Exercise:
Using the data that follows, return exactly the lines from the one that contains "Oryginalne Etui IPHONE" through the one that contains "Stile retrò monopetto", ends included.

Information:
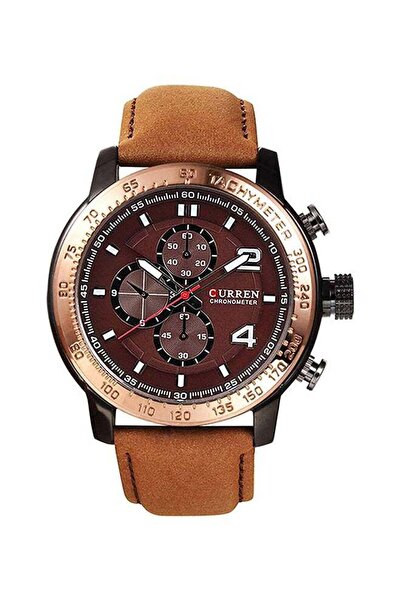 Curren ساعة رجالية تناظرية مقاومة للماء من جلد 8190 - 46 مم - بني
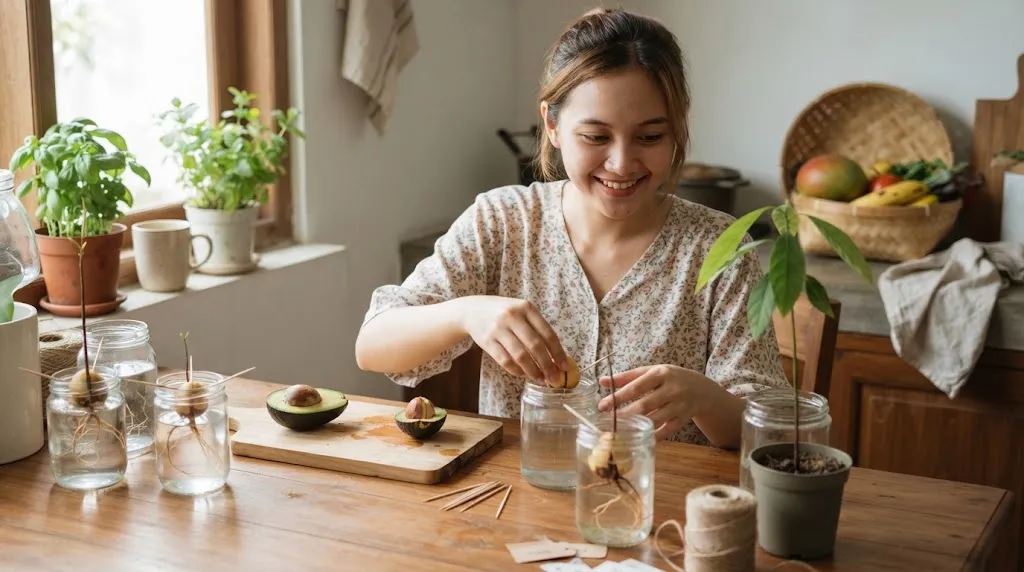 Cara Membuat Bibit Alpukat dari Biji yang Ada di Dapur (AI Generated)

* * *

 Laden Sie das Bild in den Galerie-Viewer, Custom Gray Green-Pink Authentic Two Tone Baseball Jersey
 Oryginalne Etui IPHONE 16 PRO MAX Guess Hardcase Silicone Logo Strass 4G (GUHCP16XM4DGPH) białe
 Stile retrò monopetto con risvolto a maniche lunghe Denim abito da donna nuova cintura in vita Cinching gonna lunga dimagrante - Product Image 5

==

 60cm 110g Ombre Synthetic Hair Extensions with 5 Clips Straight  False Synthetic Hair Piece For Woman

Response to this exercise:
 Oryginalne Etui IPHONE 16 PRO MAX Guess Hardcase Silicone Logo Strass 4G (GUHCP16XM4DGPH) białe
 Stile retrò monopetto con risvolto a maniche lunghe Denim abito da donna nuova cintura in vita Cinching gonna lunga dimagrante - Product Image 5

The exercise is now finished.